You hit the home run here! The best intuition I can offer is your pathological scenario is NOT likely to happen spontaneously. Why? Because the DDIM job is to denoise which would have been exponentially easier if the target image is known. A likely result is that the encoder is squeezed to capture something useful for denoising, hence, the results we have seen.
This is not proof though. We cannot rely on this intuition to guarantee that what works on face datasets would generalize to other datasets of different kinds.
how the autoencoder output vector aligns with semantic.
For this, you need to annotate your dataset. The idea is simple. We hypothesize that the learned "semantic" space is linear. Semantic is therefore a direction in that space (regardless of where you are in that space due to the linear assumption). You can derive these semantic directions in many ways. One of which is using a linear classifier trained on an attributed-annotated dataset.
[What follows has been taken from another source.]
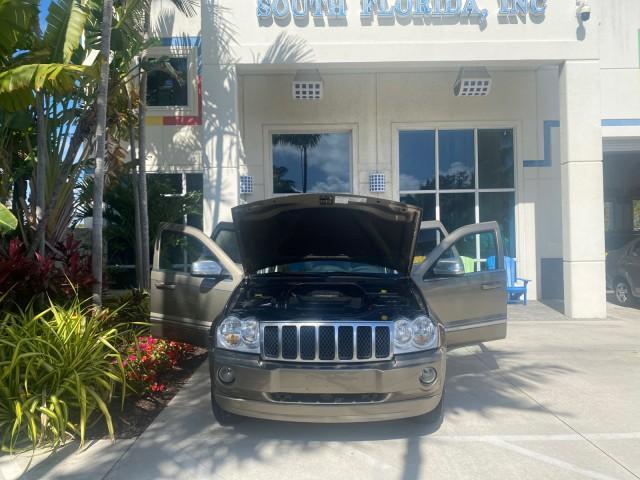 2006 Light Khaki Metallic /Dark Khaki/Lght Graystone Jeep Grand Cherokee Overland LOW MILES 57,372 1 OWNER 4WD (1J8HR68226C) with an 5.7L Hemi Multi Displacement Engine engine, Automatic transmission, located at 4701 North Dixie Hwy, Pompano Beach, FL, 33064, (954) 422-2889, 26.240938, -80.123474 - OUR WEBPAGE FLORIDACARS1.COM HAS OVER 100 PHOTOS AND FREE CARFAX LINK 2006 Jeep Grand Cherokee Overland 1 OWNER 4WD 4 Door Wagon/Sport Utility 5.7L V8 F Gasoline 19 MPG Rear Wheel Drive w/ 4X4 Features 4WD/AWD ABS Brakes Air Conditioning Alloy Wheels AM/FM Stereo Automatic Transmission Auxiliary Aud - Photo#16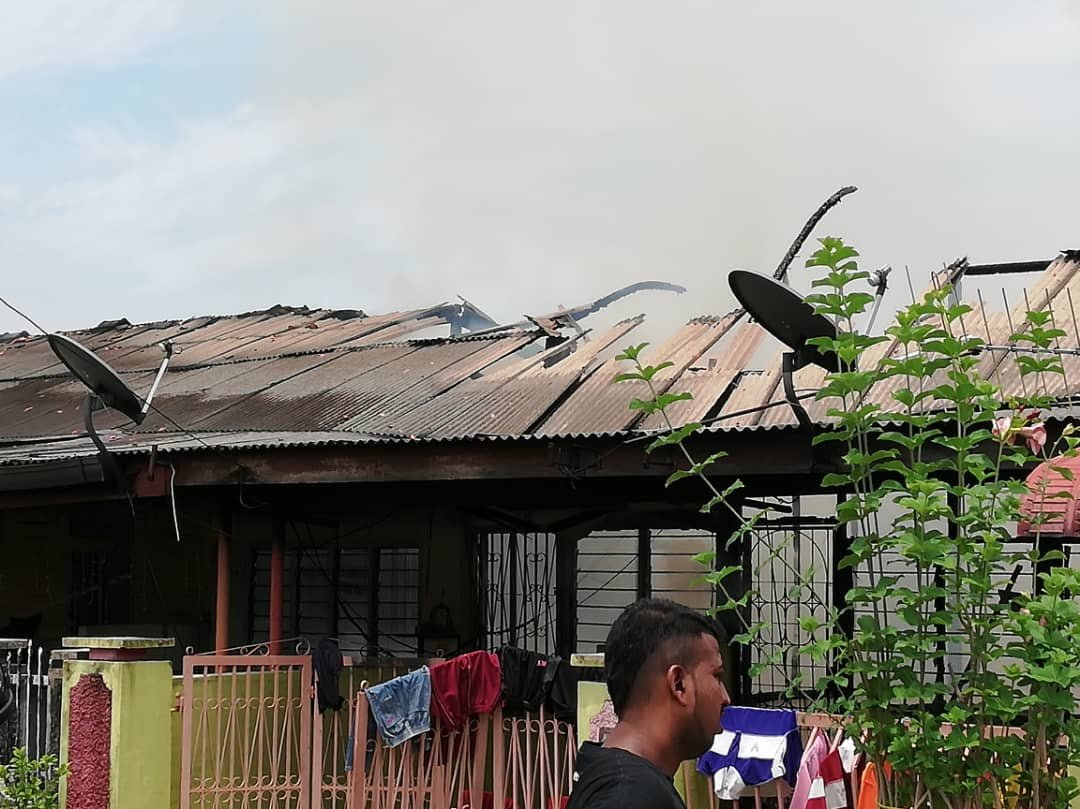 涉火房屋的屋瓦被烈火焚毁。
We trained linear classifiers on the CelebA-HQ dataset, in our case. You don't need to use the same dataset as the one used to trained the generative model.
Training DiffAE on a different dataset on a potentially different domain is easy. The hard part is to anticipate what you'll get. It's reasonable to assume that you'll get a good autoencoder with nice image compression capability. However, it's not a given that it will discover the same set of semantic as we humans see. Also, finding a semantic direction always requires labels on that dataset.
Hello! Nice work! May I ask a relatively stupid question about HOW $z{sem}$ is add to the UNet ? Let say h is the previous layer output. In your paper, such $z{sem}$ adding is like:
$out = Affine(z_{sem}) (h MLP_1(\phi _1 (t) ) + MLP_2 (\phi _2 (t)) )$
That is quite wired! Why choose a times operation here?
I found a different understanding of $z_{sem}$ adding:
$temp = (h * MLP_1(\phi _1 (t) ) + MLP_2 (\phi _2 (t)) )$
$Affine(z_{sem})=s, c$
$out = s * temp + c$
Is this understanding right?
I don't know the blue "times" in appendix figure 7 (a) mean. I suspect that it is not a "times" operation?